Als ihr Chef von der Schwangerschaft der Putzfrau erfuhr, teilte er sie zum Treppenreinigen um. Dabei machte ihr der schwere Staubsauger zu schaffen. Die Gynäkologin schrieb die Frau im sechsten Monat krank. Ab diesem Zeitpunkt erhielt die Angestellte noch 80 Prozent des Lohns, sechs Wochen später keinen Rappen mehr. Dabei ist die Reinigungsbranche zur Lohnfortzahlung für zwei Jahre verpflichtet.
Nach vier Jahren Anstellung nicht einmal eine Kündigung erhalten
Der Arbeitgeber hielt es nicht für nötig, zur Verhandlung zu kommen. Er schrieb bloss einen kurzen Brief. Inhalt: Sein Unternehmen habe die Aktivitäten eingestellt und kein Geld mehr.

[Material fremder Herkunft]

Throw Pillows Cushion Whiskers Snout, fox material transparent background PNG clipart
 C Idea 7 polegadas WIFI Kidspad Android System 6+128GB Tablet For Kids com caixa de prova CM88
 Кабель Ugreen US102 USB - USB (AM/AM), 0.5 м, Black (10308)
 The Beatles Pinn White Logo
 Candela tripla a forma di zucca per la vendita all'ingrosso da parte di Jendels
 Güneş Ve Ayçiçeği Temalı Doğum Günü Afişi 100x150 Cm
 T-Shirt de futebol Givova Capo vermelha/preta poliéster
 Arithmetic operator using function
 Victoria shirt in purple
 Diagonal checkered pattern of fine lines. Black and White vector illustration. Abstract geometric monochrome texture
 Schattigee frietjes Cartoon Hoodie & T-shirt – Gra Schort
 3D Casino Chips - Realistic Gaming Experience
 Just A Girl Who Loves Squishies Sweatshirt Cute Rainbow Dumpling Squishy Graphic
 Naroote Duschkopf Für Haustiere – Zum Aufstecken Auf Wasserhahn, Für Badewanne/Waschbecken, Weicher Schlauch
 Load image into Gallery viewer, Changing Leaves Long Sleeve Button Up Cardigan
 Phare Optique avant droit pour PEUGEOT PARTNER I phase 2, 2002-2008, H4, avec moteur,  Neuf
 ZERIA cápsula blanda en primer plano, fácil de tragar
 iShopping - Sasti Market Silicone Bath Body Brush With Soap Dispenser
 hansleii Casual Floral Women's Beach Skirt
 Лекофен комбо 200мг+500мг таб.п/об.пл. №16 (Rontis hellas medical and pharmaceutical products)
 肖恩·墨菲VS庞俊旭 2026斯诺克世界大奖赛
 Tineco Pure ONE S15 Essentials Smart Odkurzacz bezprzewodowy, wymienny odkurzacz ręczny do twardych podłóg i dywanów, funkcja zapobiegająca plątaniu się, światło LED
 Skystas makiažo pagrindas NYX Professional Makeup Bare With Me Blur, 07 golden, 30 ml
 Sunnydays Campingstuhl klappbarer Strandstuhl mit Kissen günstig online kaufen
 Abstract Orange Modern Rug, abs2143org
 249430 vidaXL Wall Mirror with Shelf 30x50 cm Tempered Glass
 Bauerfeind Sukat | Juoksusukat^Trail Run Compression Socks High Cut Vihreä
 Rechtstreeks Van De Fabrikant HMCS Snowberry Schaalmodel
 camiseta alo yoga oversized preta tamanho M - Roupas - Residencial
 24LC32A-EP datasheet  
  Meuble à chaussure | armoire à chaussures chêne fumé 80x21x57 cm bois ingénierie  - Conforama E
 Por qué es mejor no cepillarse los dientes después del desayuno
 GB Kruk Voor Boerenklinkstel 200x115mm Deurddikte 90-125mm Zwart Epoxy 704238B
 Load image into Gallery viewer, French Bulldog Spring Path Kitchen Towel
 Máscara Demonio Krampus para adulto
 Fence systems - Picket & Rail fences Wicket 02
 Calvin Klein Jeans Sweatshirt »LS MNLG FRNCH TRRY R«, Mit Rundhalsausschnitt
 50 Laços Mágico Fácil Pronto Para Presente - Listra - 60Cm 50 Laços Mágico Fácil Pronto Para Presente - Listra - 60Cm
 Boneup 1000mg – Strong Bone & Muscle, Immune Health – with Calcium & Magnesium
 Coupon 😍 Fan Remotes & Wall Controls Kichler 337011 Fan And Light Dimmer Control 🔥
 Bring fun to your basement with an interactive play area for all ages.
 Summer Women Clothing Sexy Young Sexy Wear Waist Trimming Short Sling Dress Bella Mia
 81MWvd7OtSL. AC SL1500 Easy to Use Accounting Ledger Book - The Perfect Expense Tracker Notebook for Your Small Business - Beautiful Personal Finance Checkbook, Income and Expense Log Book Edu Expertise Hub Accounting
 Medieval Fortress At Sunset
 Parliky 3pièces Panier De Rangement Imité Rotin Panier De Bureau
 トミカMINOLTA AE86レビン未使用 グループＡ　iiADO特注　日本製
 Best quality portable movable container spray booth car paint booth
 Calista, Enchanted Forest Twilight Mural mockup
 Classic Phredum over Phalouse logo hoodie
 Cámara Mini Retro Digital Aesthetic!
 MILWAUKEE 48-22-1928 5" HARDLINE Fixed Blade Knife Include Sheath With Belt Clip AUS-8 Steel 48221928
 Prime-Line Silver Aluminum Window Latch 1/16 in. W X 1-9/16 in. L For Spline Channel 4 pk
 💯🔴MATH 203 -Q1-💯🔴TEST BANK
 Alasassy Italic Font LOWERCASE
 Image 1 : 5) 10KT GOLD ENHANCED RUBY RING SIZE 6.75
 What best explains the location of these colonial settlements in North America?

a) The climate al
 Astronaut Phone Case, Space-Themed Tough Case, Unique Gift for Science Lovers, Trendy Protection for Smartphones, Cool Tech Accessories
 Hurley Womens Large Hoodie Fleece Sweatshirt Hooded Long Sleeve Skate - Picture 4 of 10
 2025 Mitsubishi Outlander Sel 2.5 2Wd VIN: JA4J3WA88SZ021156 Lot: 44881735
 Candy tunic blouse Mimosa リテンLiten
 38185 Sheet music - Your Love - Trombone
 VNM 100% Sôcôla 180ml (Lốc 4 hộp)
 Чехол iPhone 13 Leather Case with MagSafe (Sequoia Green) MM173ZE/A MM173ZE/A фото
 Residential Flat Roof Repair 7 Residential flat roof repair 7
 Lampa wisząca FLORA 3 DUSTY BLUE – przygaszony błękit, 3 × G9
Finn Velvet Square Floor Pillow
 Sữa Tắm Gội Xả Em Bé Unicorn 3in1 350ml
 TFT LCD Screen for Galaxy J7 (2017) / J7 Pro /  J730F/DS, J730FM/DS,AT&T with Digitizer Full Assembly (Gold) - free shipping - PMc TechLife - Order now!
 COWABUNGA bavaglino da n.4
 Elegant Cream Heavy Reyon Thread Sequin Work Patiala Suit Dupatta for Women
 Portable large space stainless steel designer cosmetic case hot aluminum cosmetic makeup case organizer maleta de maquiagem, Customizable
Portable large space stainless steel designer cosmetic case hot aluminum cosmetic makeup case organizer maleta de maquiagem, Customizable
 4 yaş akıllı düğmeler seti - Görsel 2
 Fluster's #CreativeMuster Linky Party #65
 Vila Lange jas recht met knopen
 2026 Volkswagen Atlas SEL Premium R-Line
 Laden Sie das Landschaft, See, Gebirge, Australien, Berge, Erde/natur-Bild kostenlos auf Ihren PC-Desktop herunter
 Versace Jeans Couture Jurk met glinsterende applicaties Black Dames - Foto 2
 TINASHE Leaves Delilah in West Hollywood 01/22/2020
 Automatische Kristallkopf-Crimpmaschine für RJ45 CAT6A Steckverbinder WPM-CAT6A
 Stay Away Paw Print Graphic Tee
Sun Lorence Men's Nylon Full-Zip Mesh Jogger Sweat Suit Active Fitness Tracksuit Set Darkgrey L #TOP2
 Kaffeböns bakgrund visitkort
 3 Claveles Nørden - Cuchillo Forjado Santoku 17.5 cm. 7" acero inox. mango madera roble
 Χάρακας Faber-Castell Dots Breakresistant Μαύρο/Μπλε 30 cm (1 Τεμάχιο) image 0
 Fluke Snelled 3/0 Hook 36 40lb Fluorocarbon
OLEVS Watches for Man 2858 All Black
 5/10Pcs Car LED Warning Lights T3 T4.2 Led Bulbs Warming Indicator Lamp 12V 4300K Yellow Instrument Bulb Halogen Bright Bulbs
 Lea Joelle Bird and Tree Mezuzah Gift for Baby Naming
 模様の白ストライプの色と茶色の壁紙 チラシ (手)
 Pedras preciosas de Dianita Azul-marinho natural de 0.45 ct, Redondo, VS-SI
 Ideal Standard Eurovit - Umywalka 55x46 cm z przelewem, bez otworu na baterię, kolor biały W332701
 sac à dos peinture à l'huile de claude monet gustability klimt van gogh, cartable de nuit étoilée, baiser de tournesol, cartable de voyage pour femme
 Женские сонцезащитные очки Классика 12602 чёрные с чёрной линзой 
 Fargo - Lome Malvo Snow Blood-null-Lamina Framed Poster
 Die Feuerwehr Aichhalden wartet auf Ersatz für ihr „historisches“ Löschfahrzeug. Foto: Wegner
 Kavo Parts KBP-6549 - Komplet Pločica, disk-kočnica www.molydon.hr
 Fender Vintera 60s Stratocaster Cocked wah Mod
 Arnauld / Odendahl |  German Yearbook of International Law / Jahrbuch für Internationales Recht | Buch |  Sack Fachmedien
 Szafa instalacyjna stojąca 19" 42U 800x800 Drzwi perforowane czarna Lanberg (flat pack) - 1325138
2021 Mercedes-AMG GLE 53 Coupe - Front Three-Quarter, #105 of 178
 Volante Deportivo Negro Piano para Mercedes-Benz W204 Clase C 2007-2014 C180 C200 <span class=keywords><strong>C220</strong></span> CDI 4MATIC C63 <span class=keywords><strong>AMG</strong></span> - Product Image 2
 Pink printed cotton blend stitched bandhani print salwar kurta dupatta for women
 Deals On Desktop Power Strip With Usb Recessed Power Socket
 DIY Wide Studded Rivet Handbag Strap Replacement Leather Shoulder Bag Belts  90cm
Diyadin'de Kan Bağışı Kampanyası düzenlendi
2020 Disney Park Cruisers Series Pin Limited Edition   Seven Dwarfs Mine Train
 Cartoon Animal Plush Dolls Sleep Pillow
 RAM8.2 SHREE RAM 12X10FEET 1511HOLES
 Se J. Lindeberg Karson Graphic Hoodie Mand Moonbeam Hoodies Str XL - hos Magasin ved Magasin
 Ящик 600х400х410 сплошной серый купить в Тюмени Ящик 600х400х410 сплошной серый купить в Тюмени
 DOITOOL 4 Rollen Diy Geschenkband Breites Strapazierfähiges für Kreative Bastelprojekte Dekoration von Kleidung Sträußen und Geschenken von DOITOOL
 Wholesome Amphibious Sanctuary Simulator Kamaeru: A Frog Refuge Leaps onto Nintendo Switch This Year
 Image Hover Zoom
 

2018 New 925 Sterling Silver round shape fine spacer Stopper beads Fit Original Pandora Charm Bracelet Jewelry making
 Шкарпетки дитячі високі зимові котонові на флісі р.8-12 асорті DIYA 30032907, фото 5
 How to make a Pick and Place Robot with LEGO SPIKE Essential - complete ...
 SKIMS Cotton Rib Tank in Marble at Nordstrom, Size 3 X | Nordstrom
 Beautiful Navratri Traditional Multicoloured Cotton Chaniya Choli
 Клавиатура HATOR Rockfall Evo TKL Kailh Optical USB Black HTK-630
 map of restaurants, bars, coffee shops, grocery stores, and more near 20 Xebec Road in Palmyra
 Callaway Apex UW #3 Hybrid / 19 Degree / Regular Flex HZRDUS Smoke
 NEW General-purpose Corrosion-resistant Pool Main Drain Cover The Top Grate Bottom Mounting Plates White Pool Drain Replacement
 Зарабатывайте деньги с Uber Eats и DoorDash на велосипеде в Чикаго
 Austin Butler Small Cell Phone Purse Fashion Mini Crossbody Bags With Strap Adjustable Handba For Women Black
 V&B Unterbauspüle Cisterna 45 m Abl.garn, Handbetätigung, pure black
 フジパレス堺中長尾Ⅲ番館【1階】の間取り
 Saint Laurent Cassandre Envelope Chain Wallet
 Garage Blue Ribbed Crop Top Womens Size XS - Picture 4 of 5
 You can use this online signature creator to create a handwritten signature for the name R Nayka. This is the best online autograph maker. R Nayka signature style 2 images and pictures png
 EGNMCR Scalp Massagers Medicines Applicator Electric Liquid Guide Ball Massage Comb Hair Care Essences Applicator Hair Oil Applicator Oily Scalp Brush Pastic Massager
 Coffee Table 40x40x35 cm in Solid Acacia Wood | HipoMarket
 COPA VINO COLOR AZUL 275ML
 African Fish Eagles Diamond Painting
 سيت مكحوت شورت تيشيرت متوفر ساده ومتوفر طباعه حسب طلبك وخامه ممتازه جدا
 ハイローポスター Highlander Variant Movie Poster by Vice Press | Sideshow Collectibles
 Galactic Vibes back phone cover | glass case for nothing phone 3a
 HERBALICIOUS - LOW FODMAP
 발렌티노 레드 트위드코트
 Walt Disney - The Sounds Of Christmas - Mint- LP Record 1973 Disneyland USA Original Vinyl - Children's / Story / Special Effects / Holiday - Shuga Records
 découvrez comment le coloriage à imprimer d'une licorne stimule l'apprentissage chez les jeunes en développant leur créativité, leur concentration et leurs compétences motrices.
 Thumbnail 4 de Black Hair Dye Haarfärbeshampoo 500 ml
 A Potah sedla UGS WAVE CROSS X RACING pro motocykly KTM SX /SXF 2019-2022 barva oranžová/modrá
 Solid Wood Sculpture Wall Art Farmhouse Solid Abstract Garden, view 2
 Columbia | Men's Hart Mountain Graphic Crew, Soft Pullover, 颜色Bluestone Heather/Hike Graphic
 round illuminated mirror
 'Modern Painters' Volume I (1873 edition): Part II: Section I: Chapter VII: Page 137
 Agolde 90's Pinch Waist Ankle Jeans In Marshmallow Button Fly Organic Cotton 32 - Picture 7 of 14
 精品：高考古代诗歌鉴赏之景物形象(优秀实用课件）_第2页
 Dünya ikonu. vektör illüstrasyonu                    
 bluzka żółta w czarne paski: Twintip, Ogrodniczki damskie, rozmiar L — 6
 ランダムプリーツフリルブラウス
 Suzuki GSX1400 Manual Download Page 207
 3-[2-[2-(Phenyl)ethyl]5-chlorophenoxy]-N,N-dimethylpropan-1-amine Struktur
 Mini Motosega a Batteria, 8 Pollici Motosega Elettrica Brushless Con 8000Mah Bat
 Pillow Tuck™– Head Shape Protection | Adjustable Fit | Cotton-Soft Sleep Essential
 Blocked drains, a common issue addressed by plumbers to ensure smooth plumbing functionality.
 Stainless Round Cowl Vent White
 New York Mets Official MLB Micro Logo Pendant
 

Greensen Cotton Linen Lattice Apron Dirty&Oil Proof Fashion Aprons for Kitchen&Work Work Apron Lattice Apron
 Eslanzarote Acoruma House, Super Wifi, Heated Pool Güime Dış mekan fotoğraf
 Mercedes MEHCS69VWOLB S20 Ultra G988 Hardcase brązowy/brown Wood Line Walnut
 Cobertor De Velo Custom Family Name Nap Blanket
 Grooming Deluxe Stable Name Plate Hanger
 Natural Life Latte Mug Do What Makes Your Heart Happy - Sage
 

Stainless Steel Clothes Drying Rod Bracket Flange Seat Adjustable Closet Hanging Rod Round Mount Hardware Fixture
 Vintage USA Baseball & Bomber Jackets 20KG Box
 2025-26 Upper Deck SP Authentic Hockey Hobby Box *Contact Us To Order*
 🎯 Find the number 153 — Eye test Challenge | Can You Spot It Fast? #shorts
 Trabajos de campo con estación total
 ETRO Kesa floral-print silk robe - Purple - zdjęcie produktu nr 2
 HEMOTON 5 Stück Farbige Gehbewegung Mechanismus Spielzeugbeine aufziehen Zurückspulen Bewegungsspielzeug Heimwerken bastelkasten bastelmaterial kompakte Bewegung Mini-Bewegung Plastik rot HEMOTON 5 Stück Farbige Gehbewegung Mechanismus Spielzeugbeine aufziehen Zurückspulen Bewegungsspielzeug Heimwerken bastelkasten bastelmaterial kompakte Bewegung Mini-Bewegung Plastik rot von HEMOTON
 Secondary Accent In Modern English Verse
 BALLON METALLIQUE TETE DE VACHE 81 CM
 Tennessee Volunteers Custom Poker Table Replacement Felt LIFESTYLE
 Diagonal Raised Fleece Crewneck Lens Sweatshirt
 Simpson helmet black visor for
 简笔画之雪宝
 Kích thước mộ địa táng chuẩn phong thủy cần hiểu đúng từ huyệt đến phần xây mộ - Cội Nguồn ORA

Der vorsitzende Richter fragt die Putzfrau, ob sie die Klage angesichts dieses Sachverhalts nicht zurückziehen wolle. Bei diesem Unternehmen sei ohnehin nichts mehr zu holen. Doch sie hält an ihrer Forderung fest. Viel verlangt sie nicht: 114 Franken pro Tag für den Lohnausfall bis zum Tag, an dem die Leistungen der Mutterschaftsversicherung einsetzten, plus 1000 Franken für den anteilsmässigen 13. Monatslohn.
«Geld werden Sie wohl keines sehen», sagt der Richter. Demnächst werde der Konkurs über die Firma eröffnet und das Verfahren voraussichtlich mangels Aktiven eingestellt.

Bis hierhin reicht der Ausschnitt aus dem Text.